[Work required] Every entry below should come back unchanged, except that the pictures are dropped.

(Caption-style text data)
· · · ·
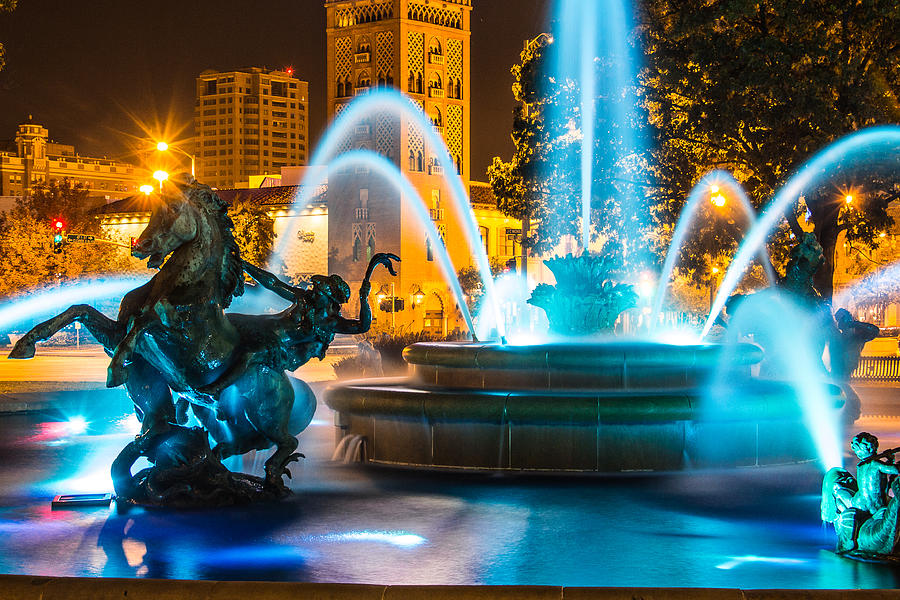 Plaza Blue Fountain Photograph by Steven Bateson
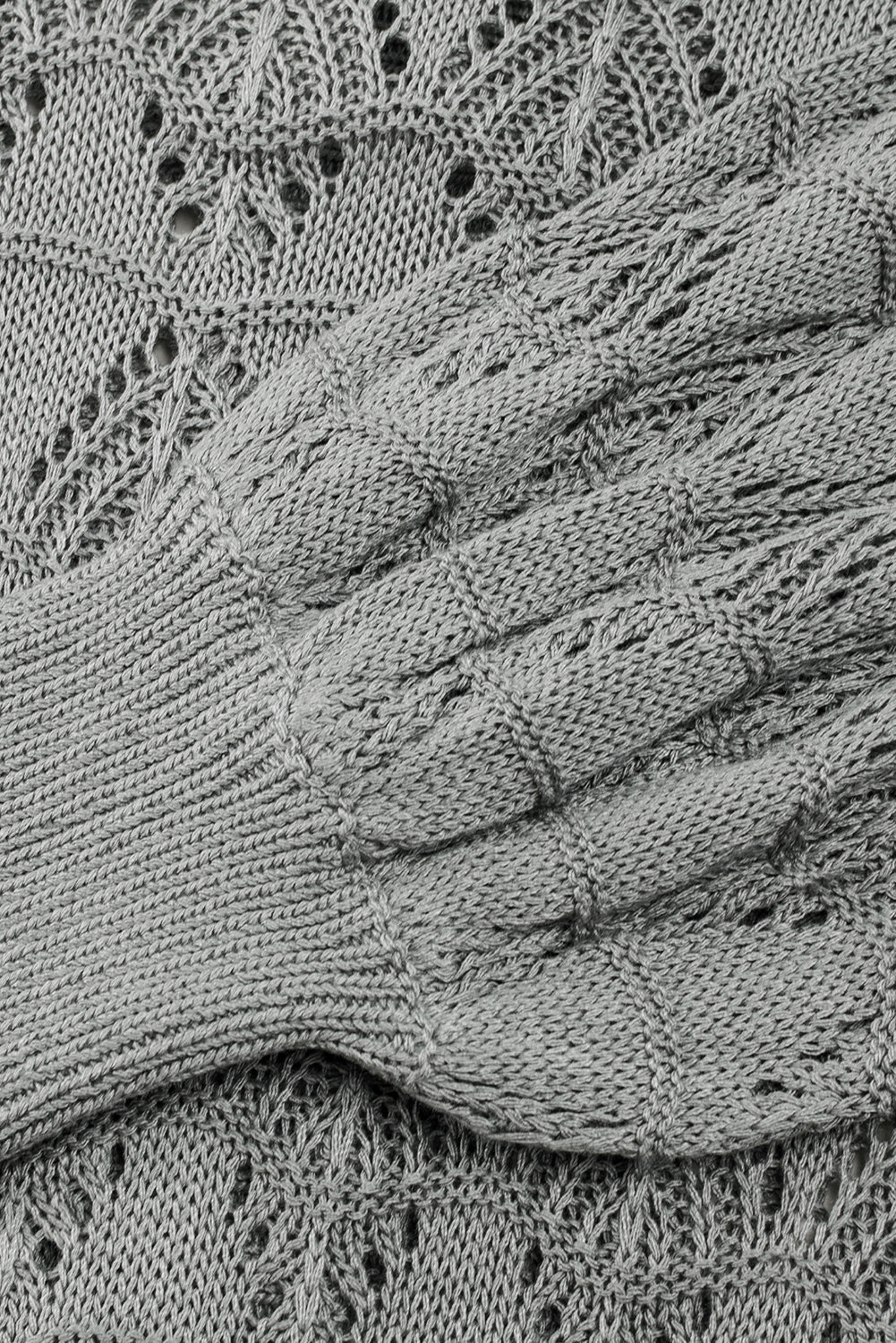 Gray Lightweight Buttoned Front Crochet Cardigan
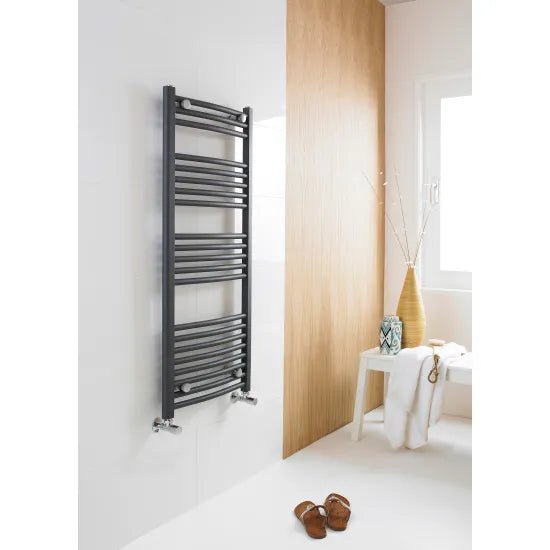 Nuie Anthracite Curved Vertical Heated Towel Rail - 1150mm x 500mm - Trusted Building Supplies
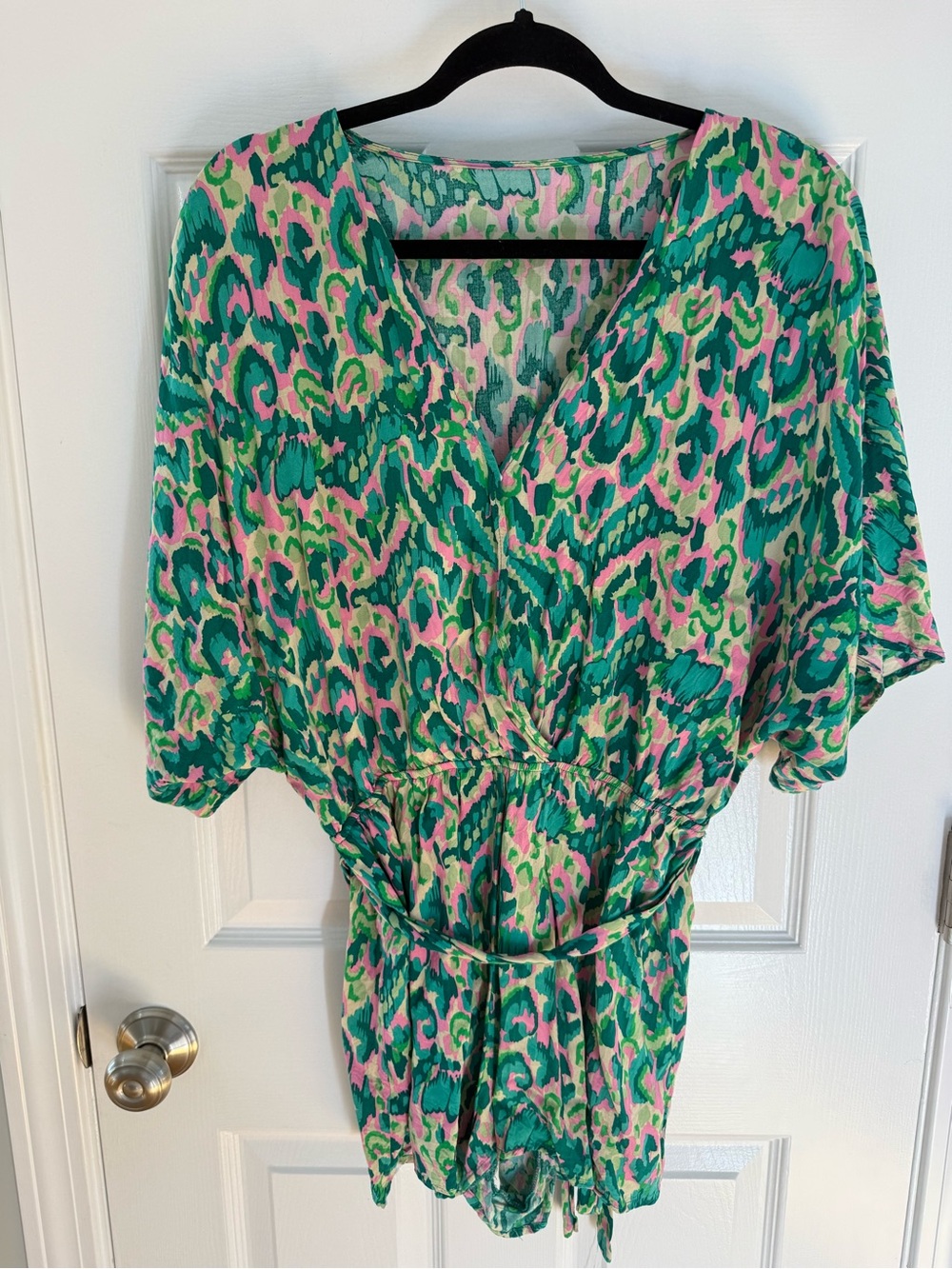 Green and Pink Printed One-Piece Romper with Tie Waist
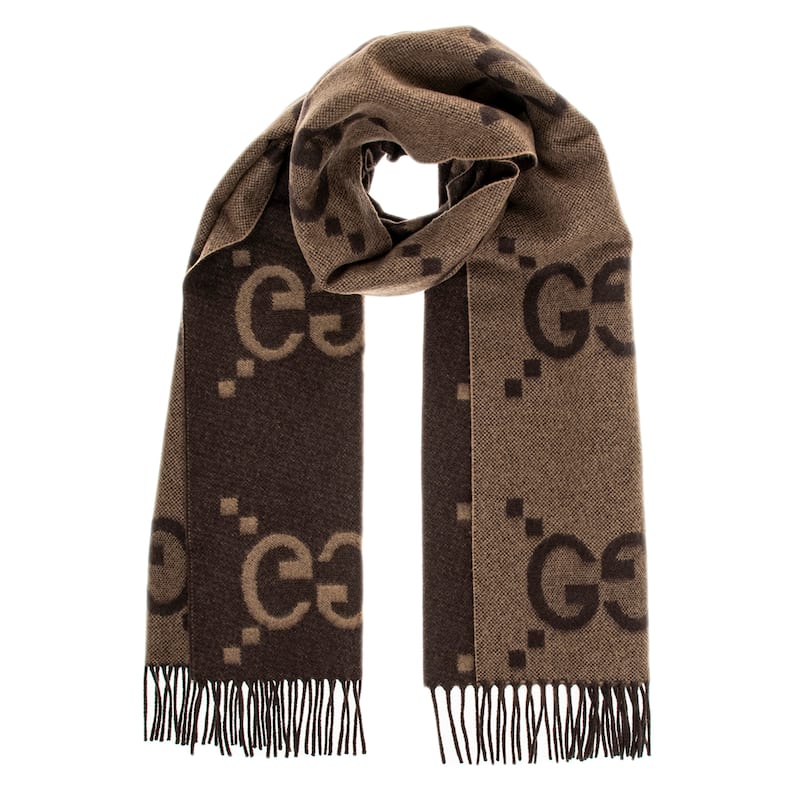 Gucci GG Jacquard Cashmere Scarf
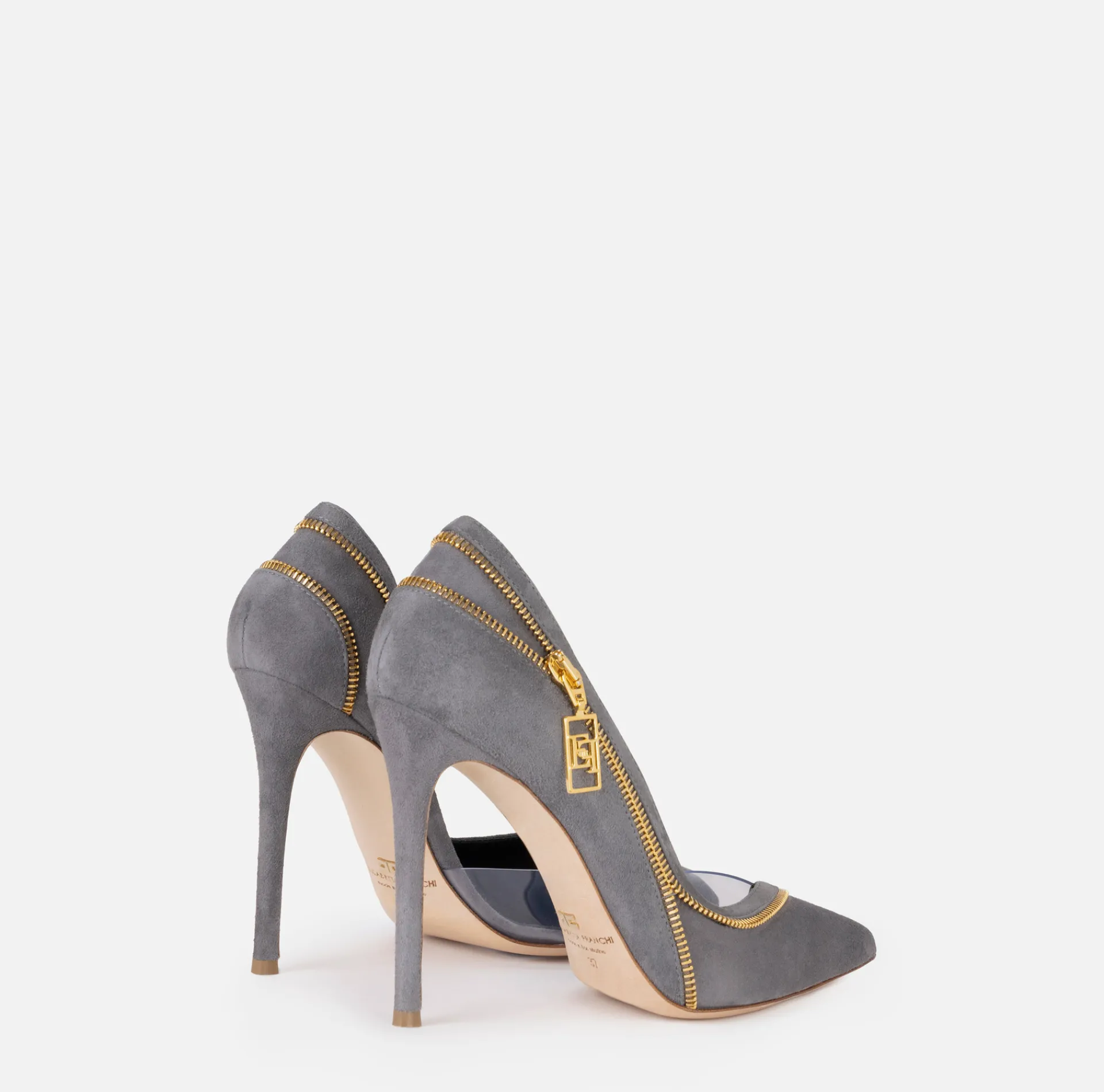 Elisabetta Franchi Pumps|Suede pump with zip Steel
· · · ·
[Task response]
 Plaza Blue Fountain Photograph by Steven Bateson
 Gray Lightweight Buttoned Front Crochet Cardigan
 Nuie Anthracite Curved Vertical Heated Towel Rail - 1150mm x 500mm - Trusted Building Supplies
 Green and Pink Printed One-Piece Romper with Tie Waist
 Gucci GG Jacquard Cashmere Scarf
 Elisabetta Franchi Pumps|Suede pump with zip Steel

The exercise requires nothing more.